* Work item: In the copy, every line of the material that follows must appear exactly, and no pictures should.

* Data segment:

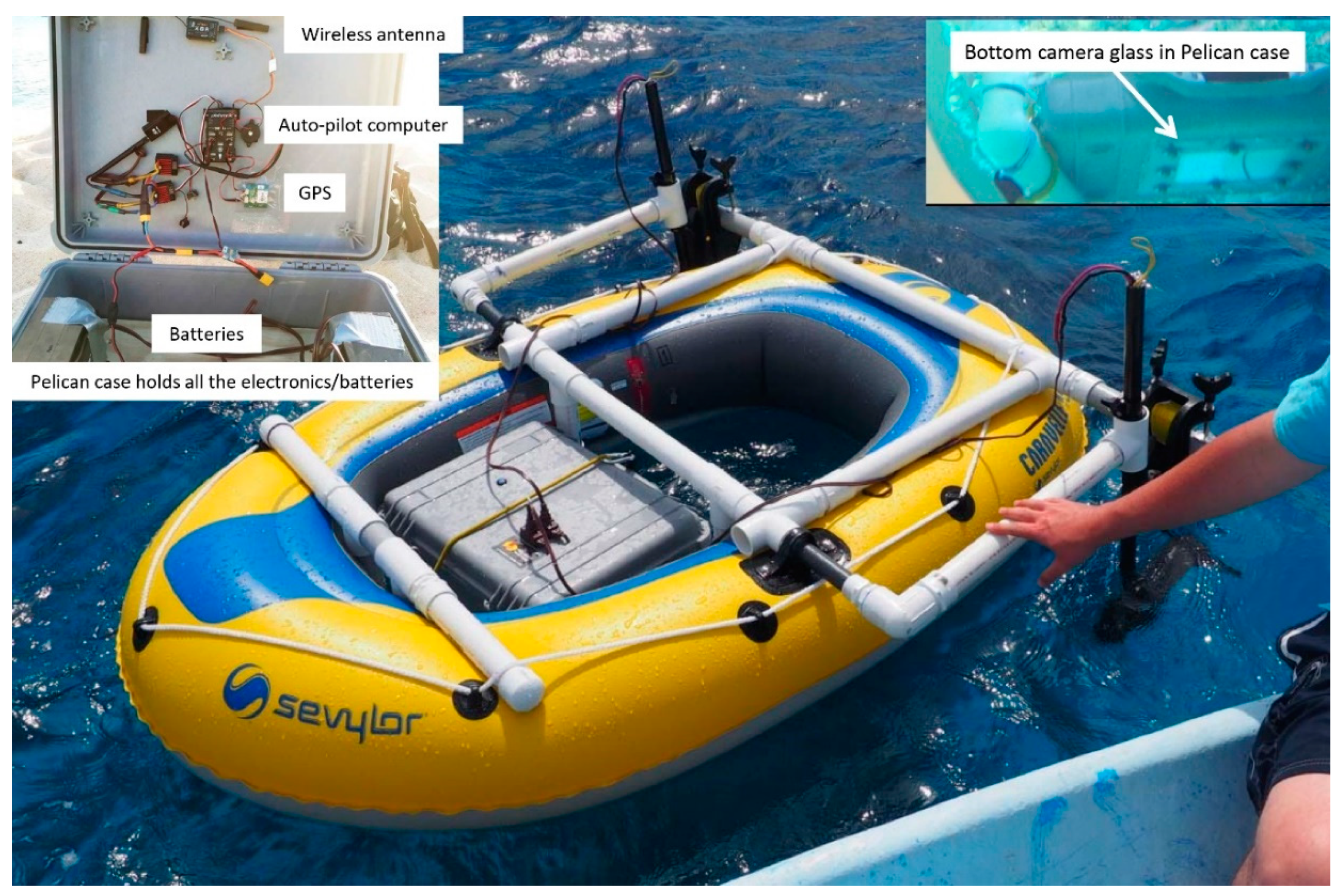 Drones 03 00038 g001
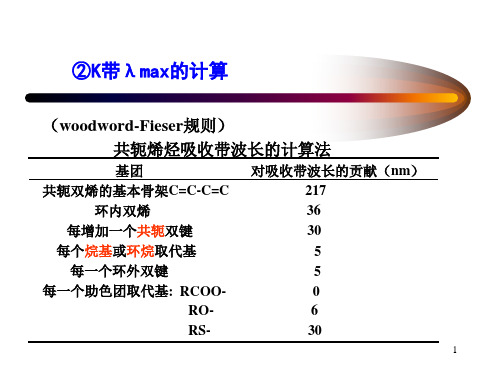 紫外-可见吸收光谱分析2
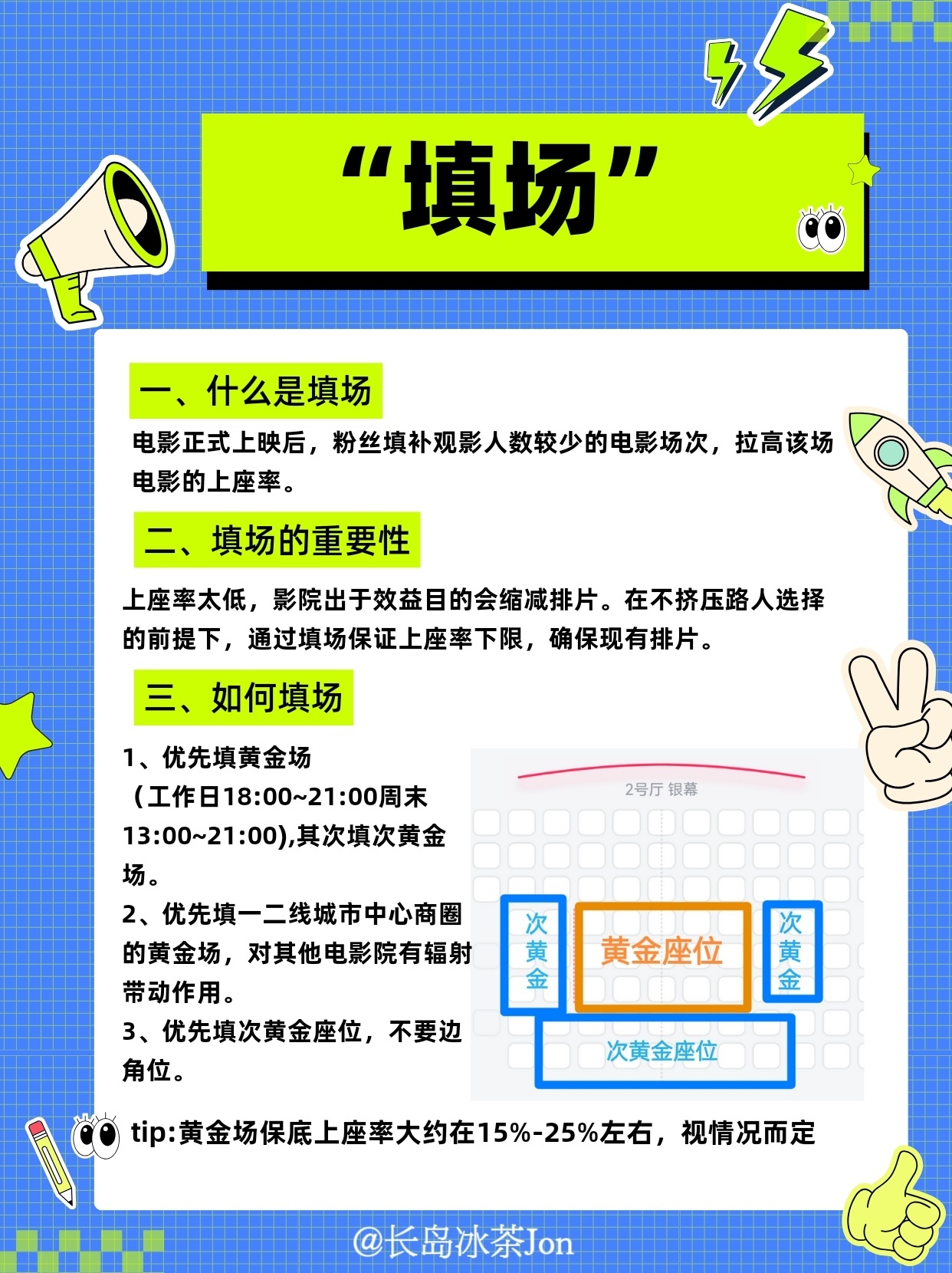 汽车品牌包场活动流程详解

* Task response:
 Drones 03 00038 g001
 紫外-可见吸收光谱分析2
 汽车品牌包场活动流程详解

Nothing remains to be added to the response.